But Jack Furlong, Currie’s attorney, didn’t feel the instruction eliminated the taint the comment may have on jurors’ deliberations. And on Thursday morning, he asked the judge for a mistrial because Astbury’s testimony, along with memorial buttons Austin’s family have worn at trial, cast a “partisan and prejudicial” pall over the murder trial.

Scott, arguing against the mistrial, said Astbury’s testimony was “not solicited by the state.” The passing comment, while extraneous, did not impact the fairness of the trial, the prosecutor said.

“In trial,” Scott said, “things happen.”

James Austin with his twin daughters.

James Austin with his twin daughters.

After listening to opposing attorneys present their cases, Jimenez rejected Furlong’s argument as nothing more than “artful legal terminology” and denied the mistrial request.

Delivering a decision from the bench, Jimenez touched on the frayed collective nerve of Americans who have denounced and demonstrated, sometimes violently, against a rash of police shootings of black men and other police misconduct cases around the country.

The judge said public’s views of police officers have shifted from “deification to demonization,” and the mistrust of cops has infiltrated the judicial system. Jurors, he said, scrutinize police officers’ testimony more these days than they may have a decade ago.
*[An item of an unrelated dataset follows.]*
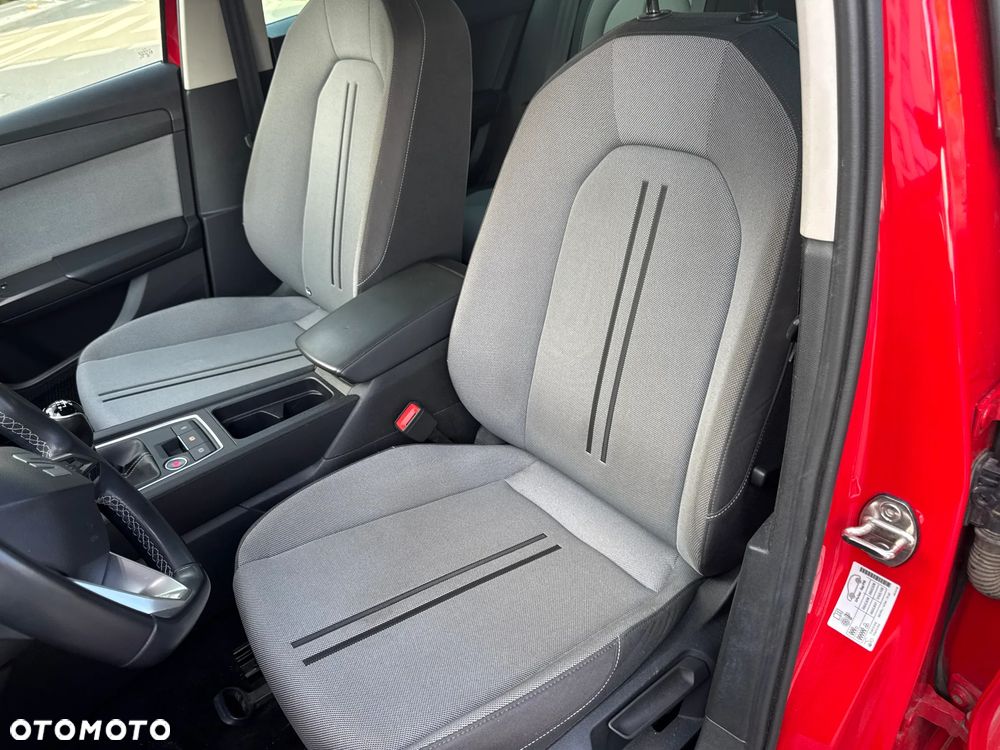 Seat Leon 2.0 TDI Reference - 9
“We readily observe people can think that a police officer is less likely to tell the truth than a [civilian],” Jimenez said, noting prospective jurors in Currie’s case were dismissed because of a potential bias against cops.

“For better or worse, things have changed in our society,” the judge said. “There’s no discernible basis or evidence beyond mere speculation that [Astbury’s] testimony was nothing more than irrelevant information to be stricken from the record with a curative instruction.”